Following the breakup of Faces, Yamauchi recorded a solo album and continued working as a session musician.

In the late 1970s, Yamauchi returned to Japan, continuing to work as a session musician and tour and record with his own bands and with other artists. He retired from the music industry in the late 1990s.

==Personal life and death==
In retirement, Yamauchi relocated to the countryside with his family to live a quiet life. According to his friend Alan Merrill, Yamauchi refused to speak to anyone from the press, living a "humble and very religious" lifestyle, and considering it "juvenile and vain" for people of his age to still be performing rock and roll; he refused any participation of any kind in anything to do with the Faces reunion.

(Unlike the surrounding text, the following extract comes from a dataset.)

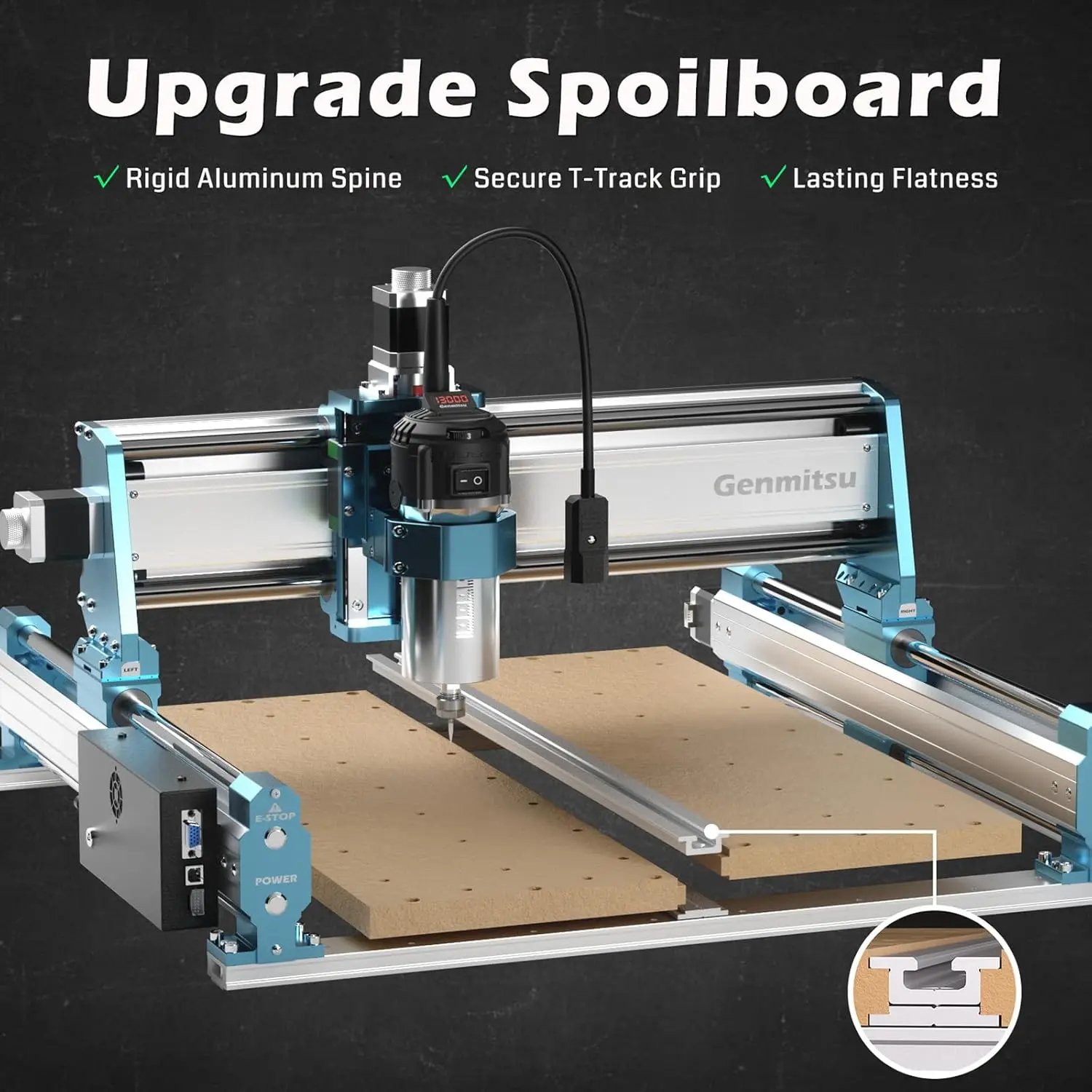 Фрезерный станок с ЧПУ SainSma – обзор и цена Woodworking Cnc Machine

Yamauchi died on December 4, 2025, at the age of 79.

==Discography==
===Solo===
- Tetsu (1972)
- Kikyou (1976)
- Dare Devil (1992) with Peter Brötzmann, Shoji Hano, Haruhiko Gotsu
- Friends (1998), with Hiroshi Segawa, Ken Narita
- Tetsu & The Good Times Roll Band Live (2009). Recorded in 1976

===with Samurai===
- Samurai (1970)
- Kappa (1971)

===With Kossoff, Kirke, Tetsu and Rabbit===
- Kossoff, Kirke, Tetsu and Rabbit (1972)

===with Free===
- Heartbreaker (1973)

===with the Faces===
- Pool Hall Richard / I Wish It Would Rain (single, 1973) the live b-side of this single marks Yamauchi's first recorded appearance with the band.
- Coast to Coast: Overture and Beginners (live album, 1974)
- You Can Make Me Dance, Sing or Anything (single, 1974)
- Five Guys Walk into a Bar... (box set, 2004) He appears on numerous previously unreleased live and studio tracks from 1973 to 1975 on this collection.